- _What the task asks_:
From the listing below, copy only the lines from the line that contains "Купить новую спецтехнику" to the line that contains "Moralless Scandal Chapter", counting those two lines as part of the copy.

━━━━━ Records provided

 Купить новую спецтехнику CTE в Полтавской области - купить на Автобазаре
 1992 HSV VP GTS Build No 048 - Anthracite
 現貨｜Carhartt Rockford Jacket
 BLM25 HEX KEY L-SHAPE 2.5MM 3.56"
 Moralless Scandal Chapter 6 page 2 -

━━━━━━━━━━
━━━━━ Records provided

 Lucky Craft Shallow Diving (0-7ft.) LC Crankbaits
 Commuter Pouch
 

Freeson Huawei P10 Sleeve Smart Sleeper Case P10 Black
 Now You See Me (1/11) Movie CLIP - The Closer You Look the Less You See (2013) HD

━━━━━━━━━━

- _Written response_:
 Купить новую спецтехнику CTE в Полтавской области - купить на Автобазаре
 1992 HSV VP GTS Build No 048 - Anthracite
 現貨｜Carhartt Rockford Jacket
 BLM25 HEX KEY L-SHAPE 2.5MM 3.56"
 Moralless Scandal Chapter 6 page 2 -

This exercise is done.